Caption-style text data:
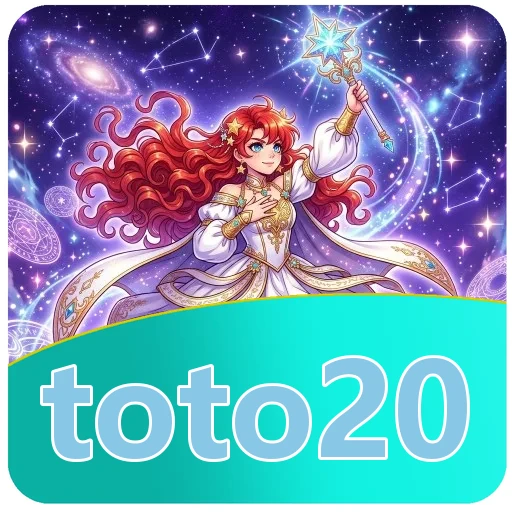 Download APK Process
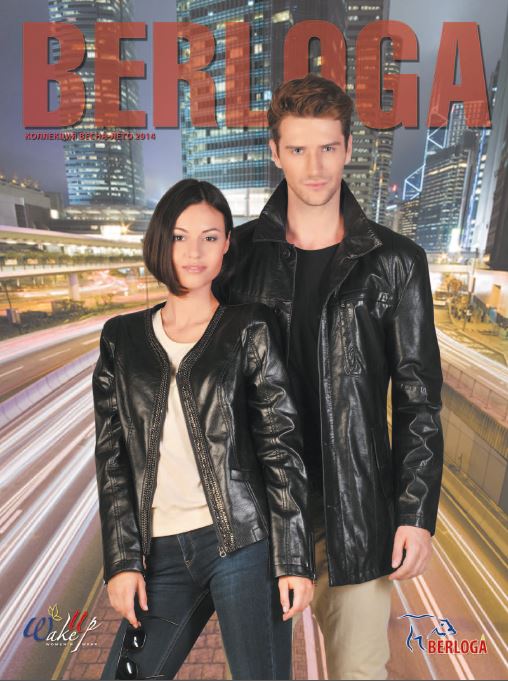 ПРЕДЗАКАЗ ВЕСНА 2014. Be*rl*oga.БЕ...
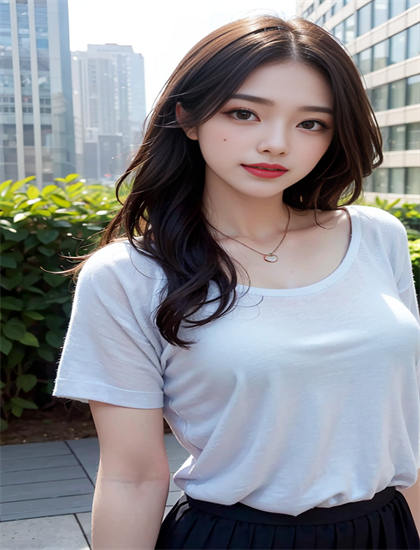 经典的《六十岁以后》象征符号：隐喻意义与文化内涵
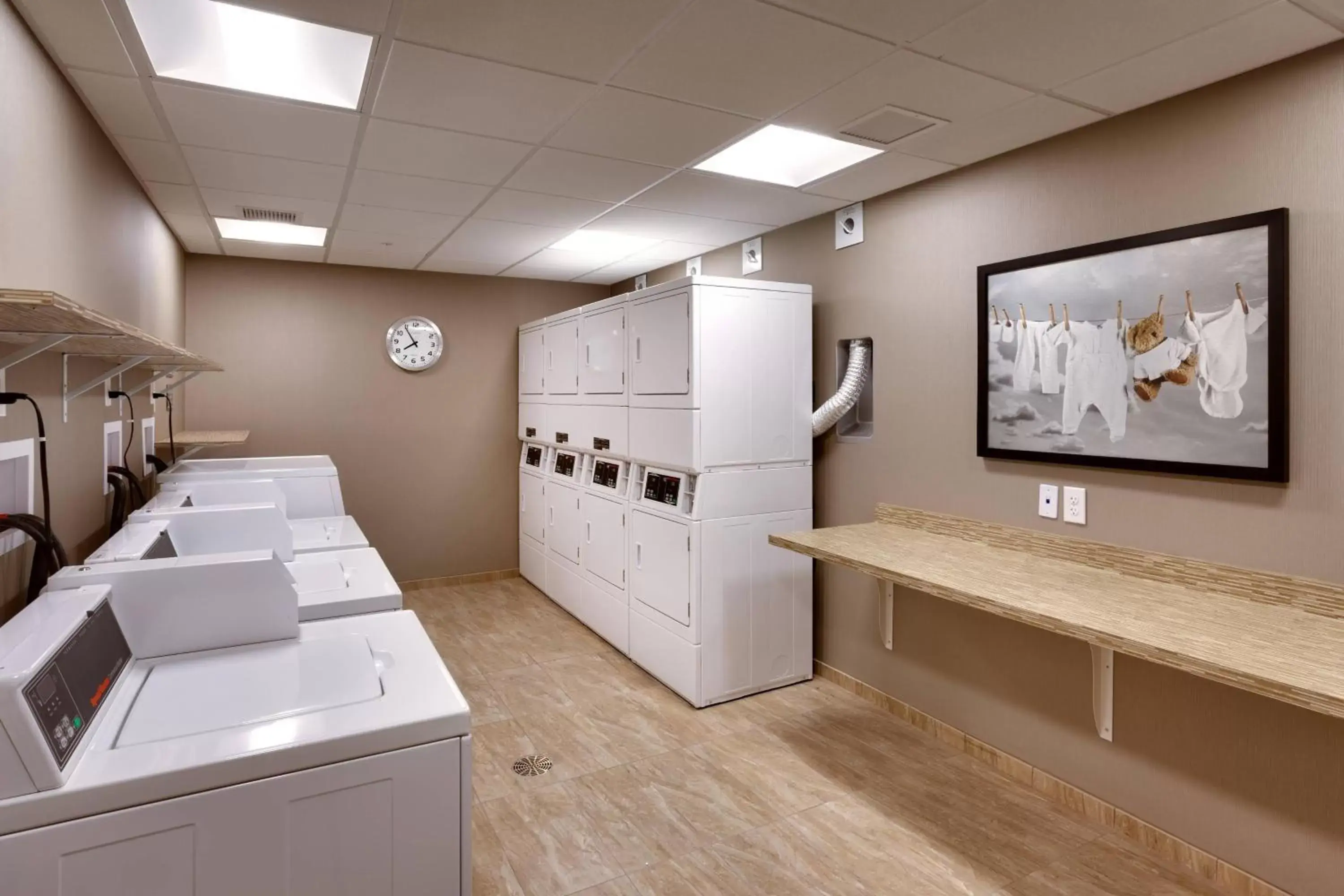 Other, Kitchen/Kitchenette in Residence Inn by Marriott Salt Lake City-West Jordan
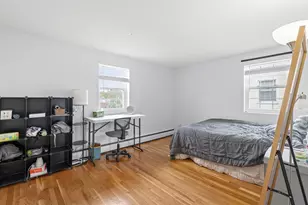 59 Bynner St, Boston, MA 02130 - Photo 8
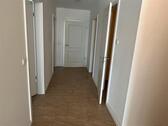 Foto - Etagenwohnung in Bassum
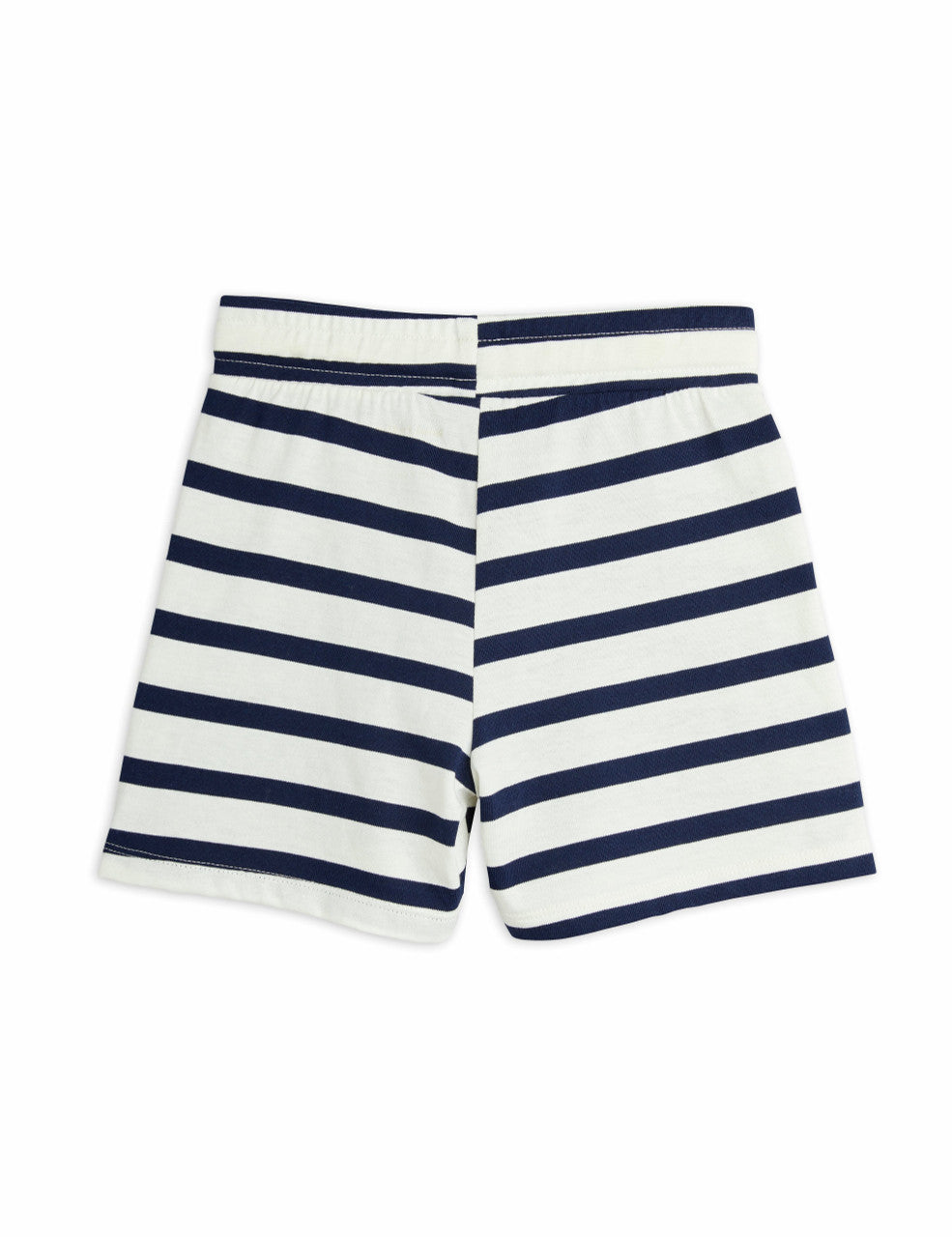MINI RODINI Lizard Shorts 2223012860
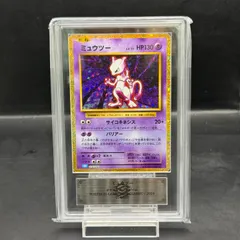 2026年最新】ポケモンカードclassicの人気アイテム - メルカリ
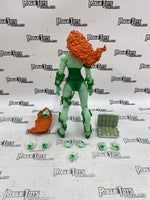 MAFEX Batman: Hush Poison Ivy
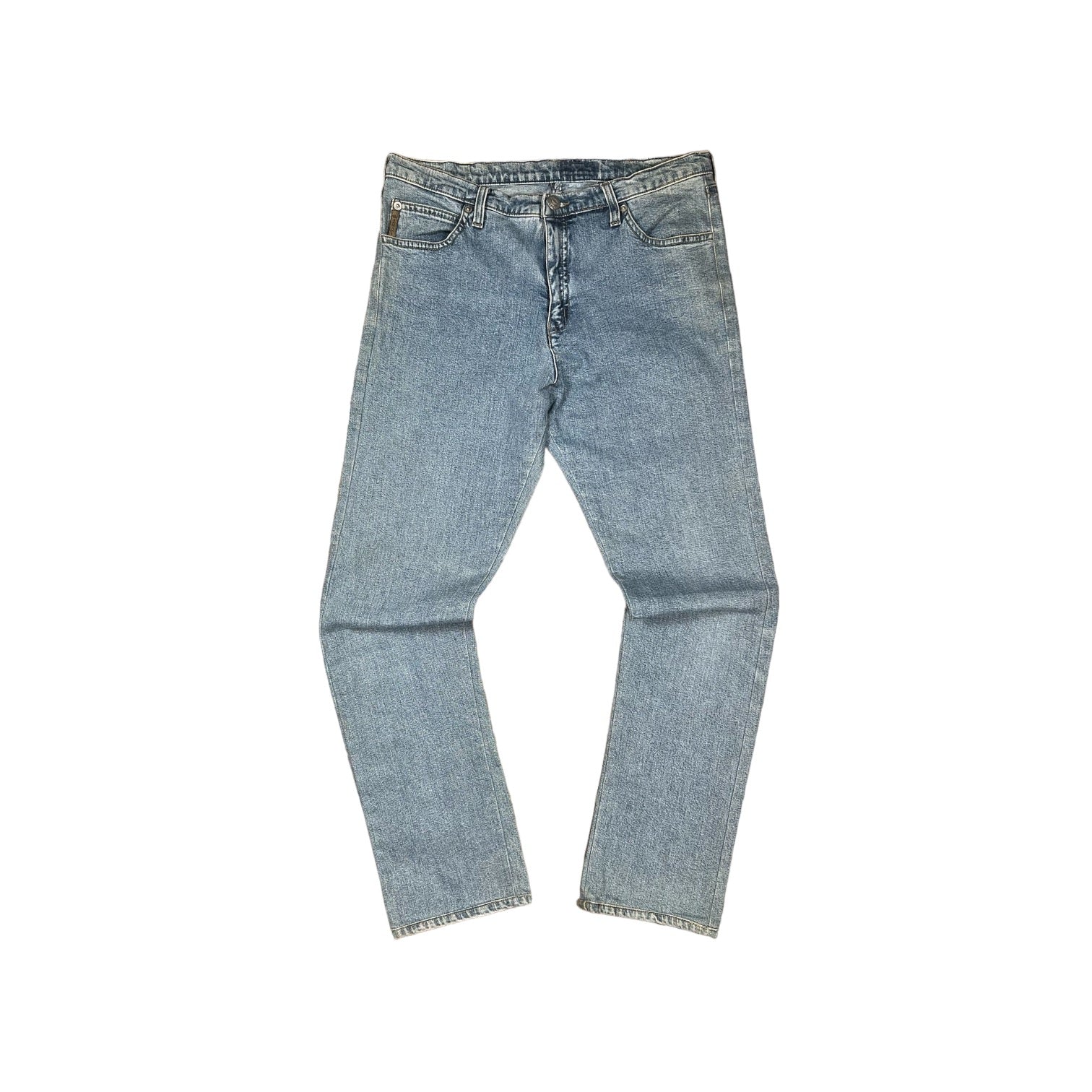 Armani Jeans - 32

→ **Task goal**
Write out exactly the lines from the line holding "Other, Kitchen/Kitchenette in" through the last line of the records above, inclusive, and nothing more. Leave out the pictures.

→ **Answer section**
 Other, Kitchen/Kitchenette in Residence Inn by Marriott Salt Lake City-West Jordan
 59 Bynner St, Boston, MA 02130 - Photo 8
 Foto - Etagenwohnung in Bassum
MINI RODINI Lizard Shorts 2223012860
 2026年最新】ポケモンカードclassicの人気アイテム - メルカリ
 MAFEX Batman: Hush Poison Ivy
 Armani Jeans - 32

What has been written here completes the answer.